L'apocalypse en grec signifie tout simplement révélation. Et pour
nous chrétiens, il signifie révélation violente. Il désigne la
situation même qui est la nôtre. L'apocalypse est le monde privé
de protection. On peut affirmer aujourd'hui que nous sommes en état
d'apocalypse objective. Oui, le mot fait peur. Il apparaît aussi
extrêmement démodé, ridicule, irrationnel. Mais si on pense la
victime émissaire comme fondatrice de la société et le Christ
comme une espèce de fondation à l'envers, le thème apocalyptique
devient significatif.
C’est
pourtant un thème que l’Eglise tient à distance…
Les
églises modernes tendent à évacuer tous les thèmes qui paraissent
déplaisant à un univers qui voudrait compter sur la durée infinie
du confort dans lequel il se trouve. L’Eglise catholique abandonne
parfois ses propres textes, préfère des formules du monde moderne.

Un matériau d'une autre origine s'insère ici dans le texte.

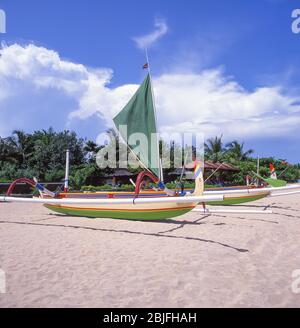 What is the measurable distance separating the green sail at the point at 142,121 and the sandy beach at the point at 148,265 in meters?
1.76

Mon travail est toujours d’essayer de revenir à la rigueur de la
lettre.
Vous
vivez aux Etats-Unis, pays qui fait souvent l’objet de vives
critiques. Sont-elles fondées ?
Les
Américains sont critiquables dans la mesure où ils veulent tout
gagner. Non seulement ils veulent tout gagner mais ce qui est
beaucoup plus grave, c’est qu’il gagne un peu tout. Ils sont
toujours prêts à réserver les médailles d’agent et de bronze
pour les autres pays. Nous avons l’impression d’une arrogance
extrême. Pourtant les Américains ne se voient pas du tout comme
cela. Les Américains se voient comme les petits immigrants, qui ont
échoué en Europe. Ils montrent aux pays riches et à toutes les
élites dont ils n’ont pas fait partie auparavant qu’ils sont
capables de se débrouiller par eux même. Ce mythe fondateur de
l’Amérique, le pays de l’immigrant, qui se trouve pour la
première fois capable de montrer ce qu’il peut faire, ce mythe est
d’une puissance extraordinaire au sein des classes moyennes
américaines.
En fin
de compte, êtes-vous plutôt optimiste ou pessimiste sur l'avenir de
notre monde ?
Notre
société est à la fois infiniment productrice dans tous les
domaines, économique, scientifique, mais aussi de plus en plus
fragile. Tout augmente dans tous les sens. Le meilleur comme le pire.
Et en même temps. Nous vivons dans un univers, qui est une vaste
crise. A la fois très féconde et très périlleuse, et qui arrive à
un point qui paraît décisif. Alors, ou bien les hommes changent
leur attitude vis-à-vis de la violence, ou bien ils risquent de
périr.
Propos
recueillis par Lionel Niedzwiecki, le 22 novembre 2001 à Toulouse. Une partie de cet entretien a été publié en novembre 2001 dans le journal Sud-Ouest. Le lecteur des Cahiers en a lu ici l'intégralité inédite jusqu'à présent.